What the task requires — Transcribe exactly the stretch of lines beginning at the one containing "And you can't" and closing with the last line of the entries below. Omit images.

Source material —
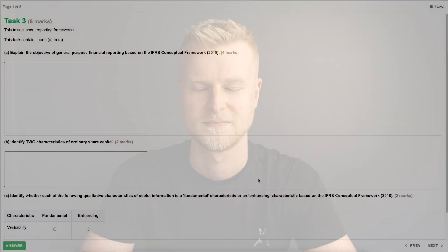So with that in mind let's swap over to the mock and make a start. Task three is worth eight marks and is the first of three written tasks. It's about reporting frameworks and will contain something to do with the conceptual framework. Typical examples would be defining assets, liabilities, equity, or income and expenditure. It could talk about share capital, share premium, limited companies whether private or public, or the fundamental or enhancing characteristics — basically anything to do with the conceptual framework.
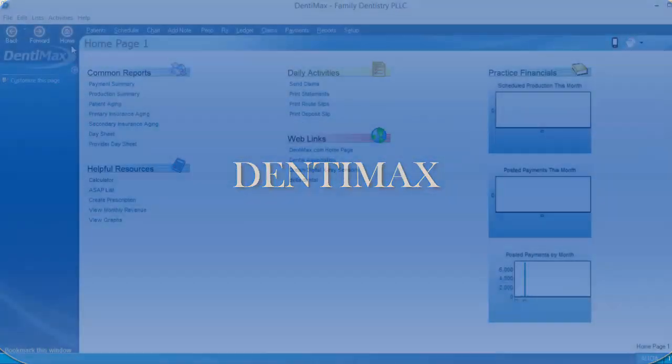Welcome to the Dentimax Tip of the Week. In this week's tip, I'm going to go over creating a code.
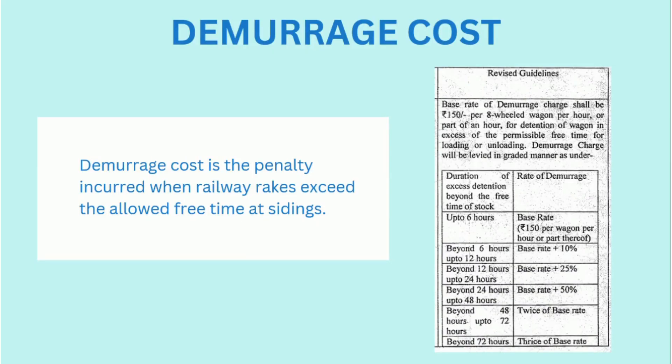Demurrage cost is the penalty incurred when the railway rakes are detained at the sidings for longer than the allowed free time. Here is a snapshot taken from a government circular on demurrage cost and it can be seen that as the detention time increases, the demurrage cost increases as a percentage of the base rate.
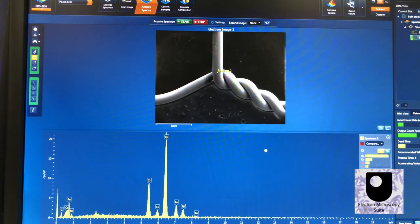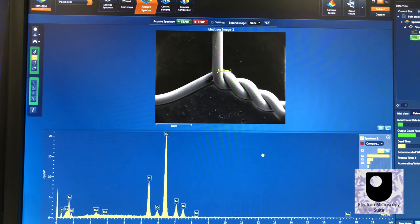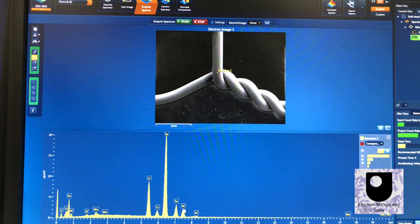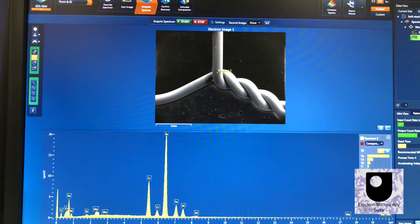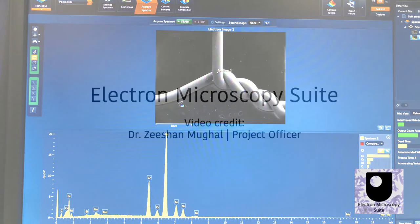Energy dispersive X-ray spectra provide information regarding elemental composition. This sample contains the element iron, along with smaller amounts of carbon, chromium, nickel, silicon, and molybdenum. This suggests that the sample is made of steel.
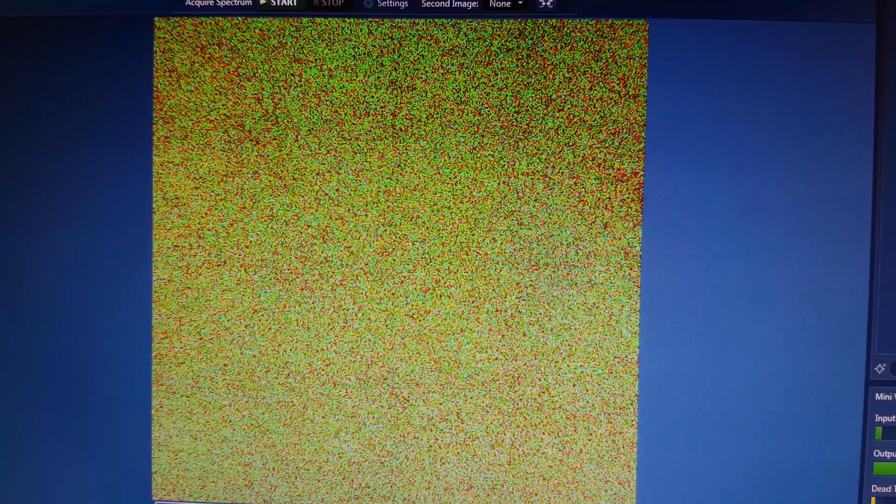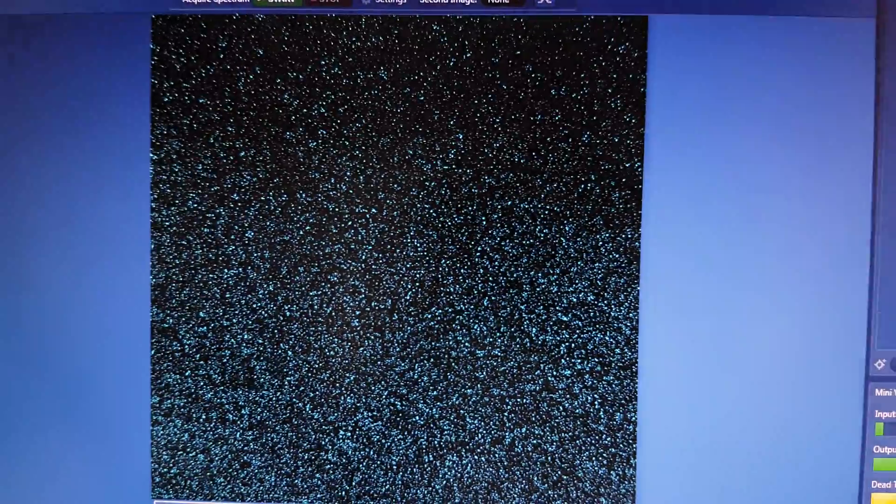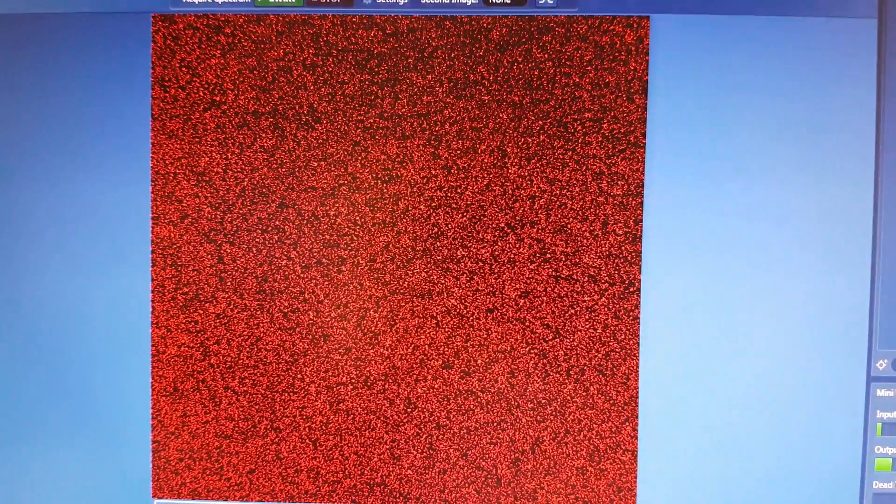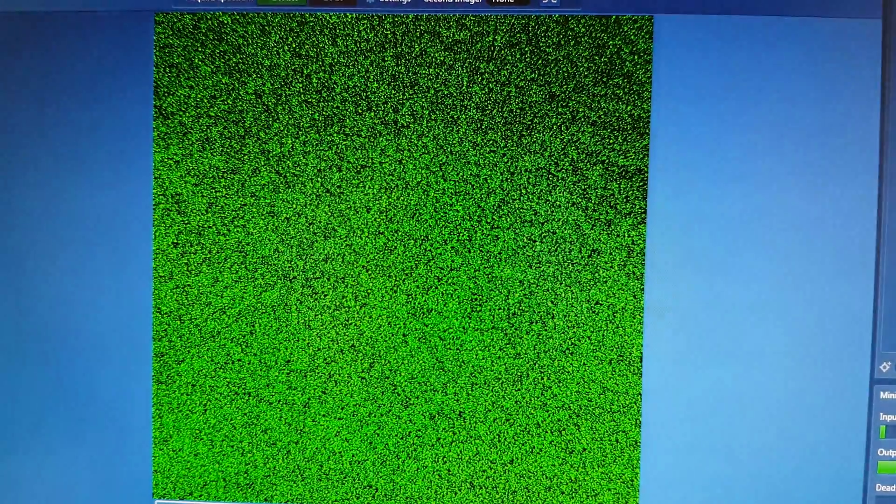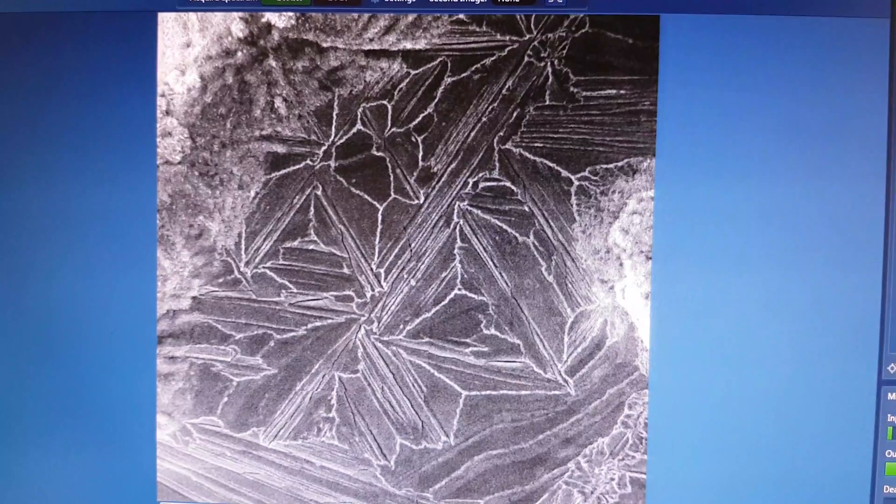And you can't see any differentiation between those carbon, iron, oxygen spectrum.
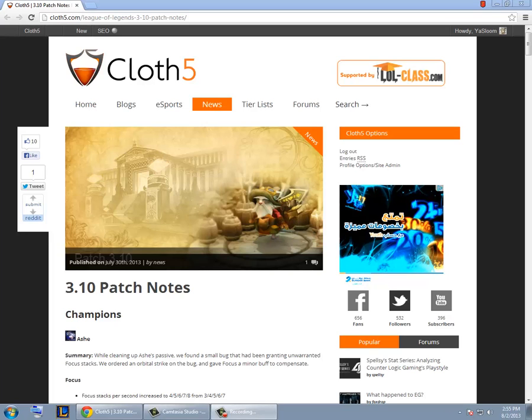Hey guys this is Yasaloom and today I'll be going through patch 3.10 and how it affects Twisted Treeline.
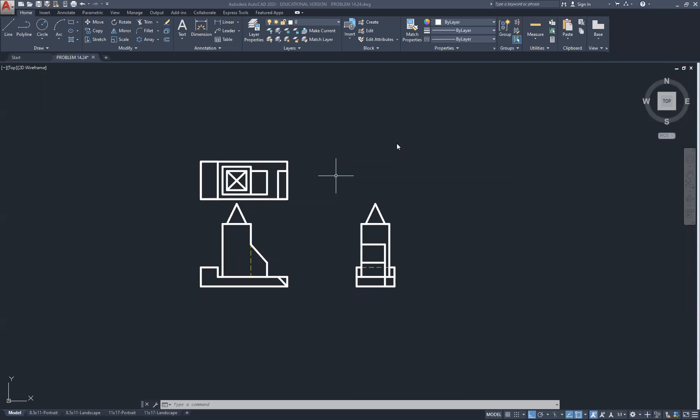Hello, this is Mr. Schwartz of the Drafting Room. We will be having our one-point perspective lesson.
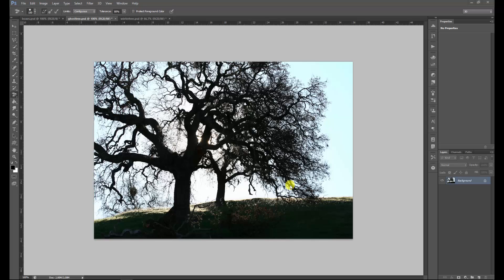Hi guys, welcome at Creative Tutorials. My name is Jelge and in this Photoshop tutorial I'm going to show how easy it actually is to remove the background from a complex object like these trees. When you look at this you say that's impossible — how can you remove the background from an image like that? It's hard with hair, it's hard with most things, but with all these small branches it's basically impossible.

Answer space —
And you can't see any differentiation between those carbon, iron, oxygen spectrum.
Hey guys this is Yasaloom and today I'll be going through patch 3.10 and how it affects Twisted Treeline.
Hello, this is Mr. Schwartz of the Drafting Room. We will be having our one-point perspective lesson.
Hi guys, welcome at Creative Tutorials. My name is Jelge and in this Photoshop tutorial I'm going to show how easy it actually is to remove the background from a complex object like these trees. When you look at this you say that's impossible — how can you remove the background from an image like that? It's hard with hair, it's hard with most things, but with all these small branches it's basically impossible.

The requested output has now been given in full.